_MATERIAL SUPPLIED_:

= = =

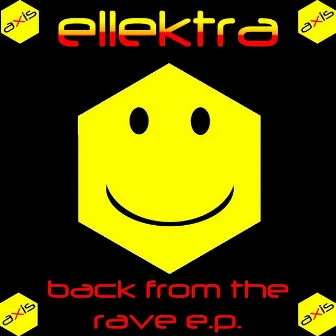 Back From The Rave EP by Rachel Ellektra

= = =

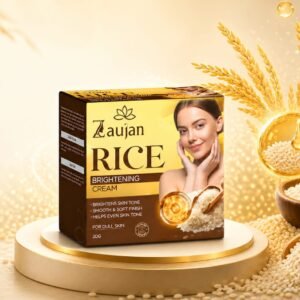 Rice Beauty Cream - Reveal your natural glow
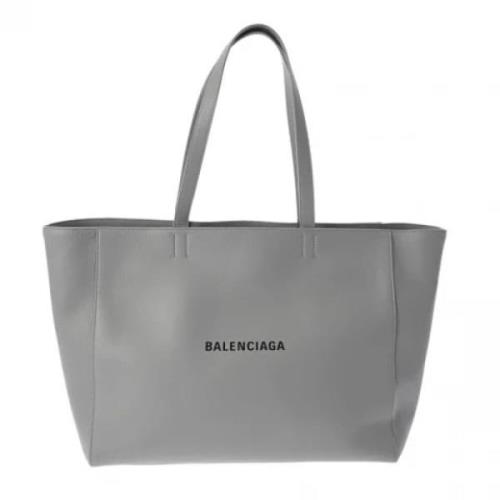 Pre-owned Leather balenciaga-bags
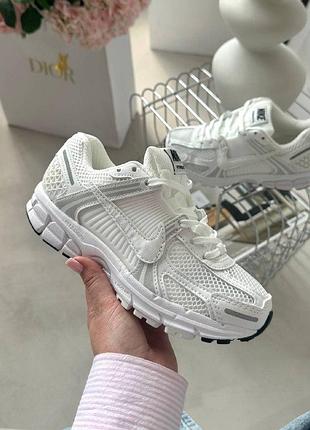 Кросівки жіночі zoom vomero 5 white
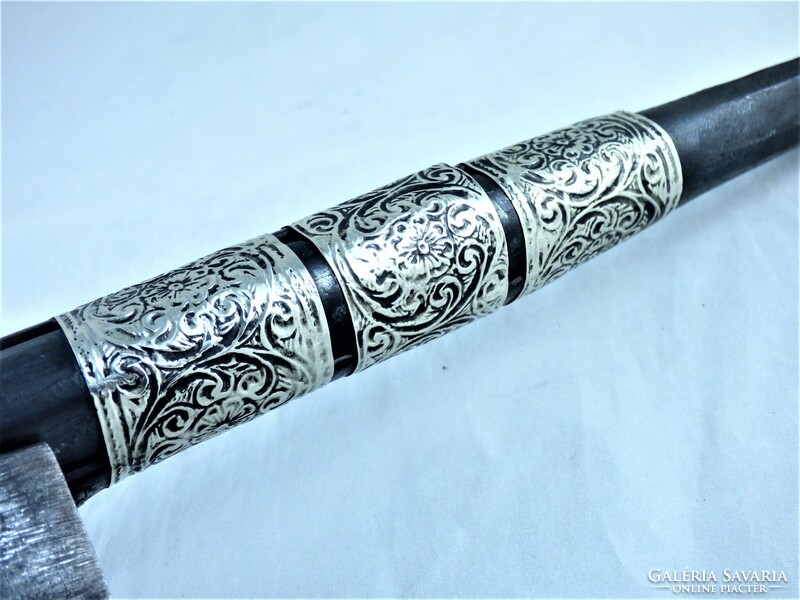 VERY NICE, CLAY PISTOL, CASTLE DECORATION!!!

= = =

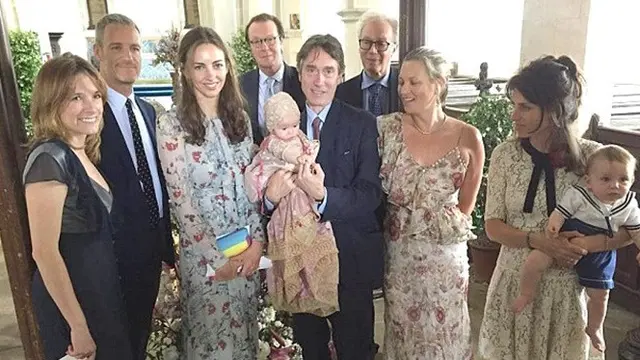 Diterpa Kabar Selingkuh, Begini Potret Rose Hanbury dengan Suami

= = =

_WHAT YOU SHOULD DO_: What are the lines above from the one with "Pre-owned Leather balenciaga-bags" to the one with "VERY NICE, CLAY PISTOL, CASTLE DECORATION!!!", both included? Reproduce them exactly, without pictures.

_RESPONSE AREA_:
 Pre-owned Leather balenciaga-bags
 Кросівки жіночі zoom vomero 5 white
 VERY NICE, CLAY PISTOL, CASTLE DECORATION!!!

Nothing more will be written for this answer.